Leave out the pictures, and retype the remaining data exactly.

### DATA SHOWN
========================================

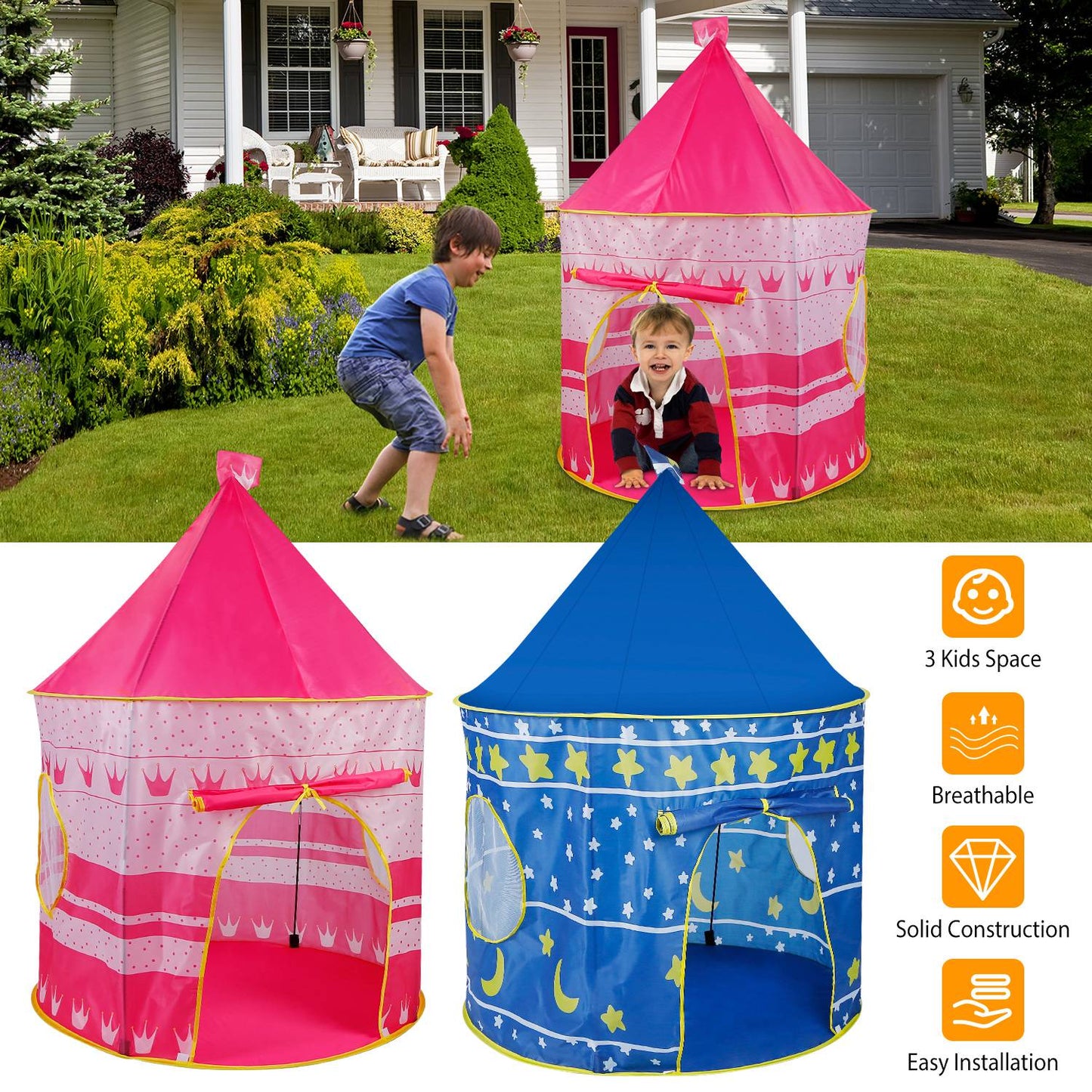 Kids Play Tent Foldable Pop Up Portable Playhouse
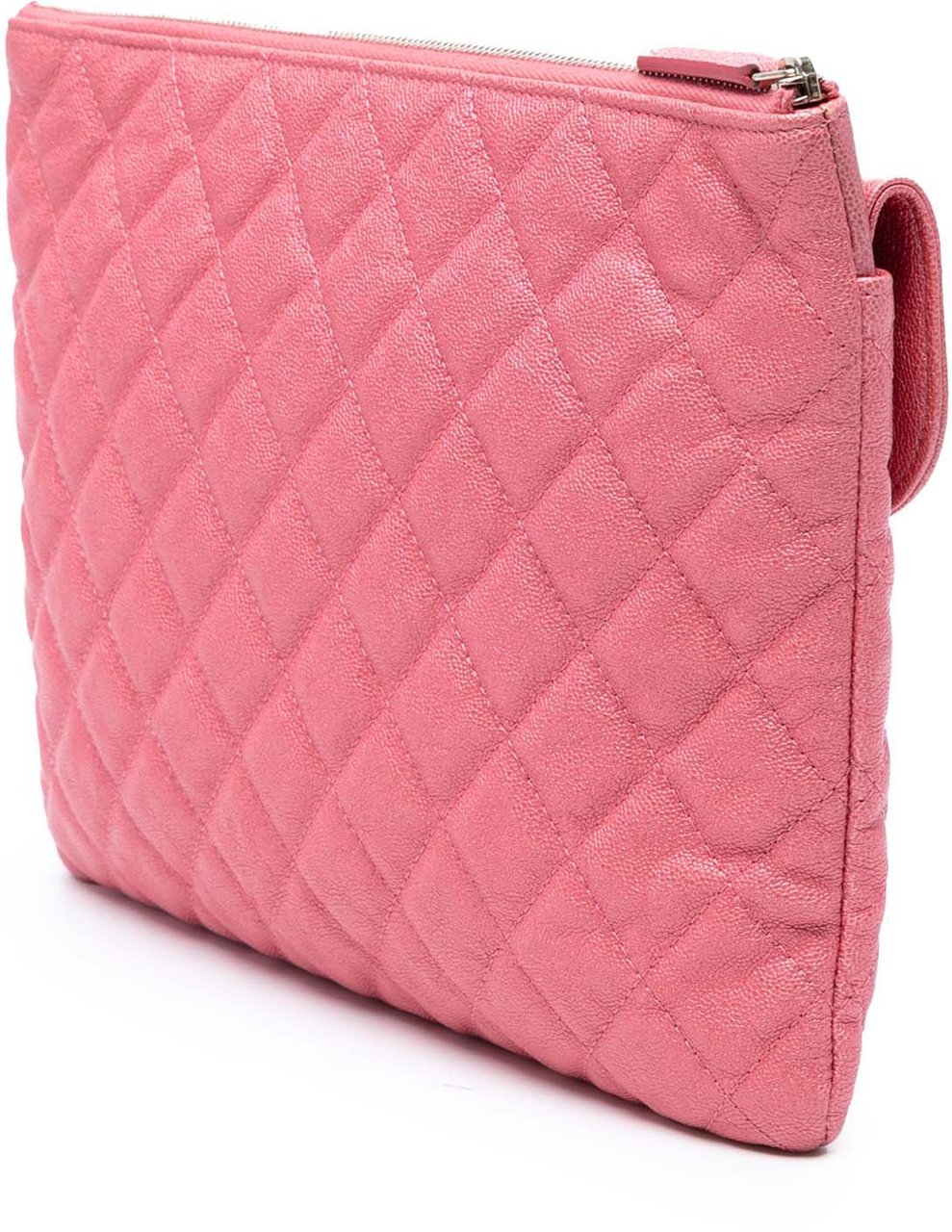Chanel Medium CC Quilted Caviar Flap Cosmetic Case Roze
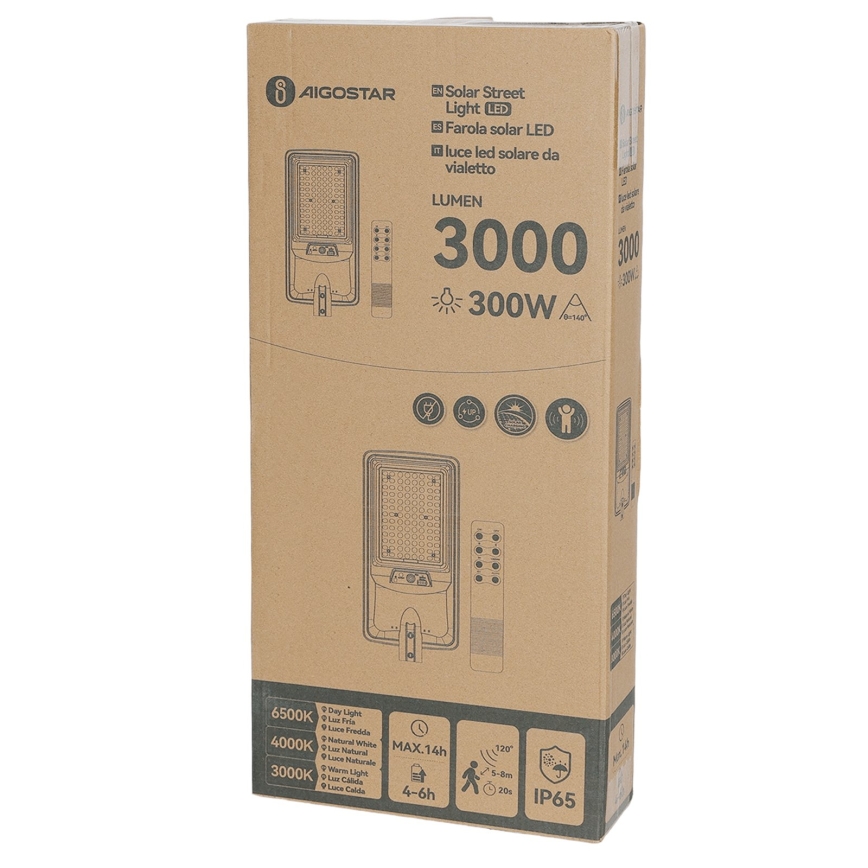 Aigostar - LED solarna lampa uliczna z czujnikiem LED/400W/3,2V 4800mAh + pilot zdalnego sterowania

========================================

### ANSWER SECTION
 Kids Play Tent Foldable Pop Up Portable Playhouse
Chanel Medium CC Quilted Caviar Flap Cosmetic Case Roze
 Aigostar - LED solarna lampa uliczna z czujnikiem LED/400W/3,2V 4800mAh + pilot zdalnego sterowania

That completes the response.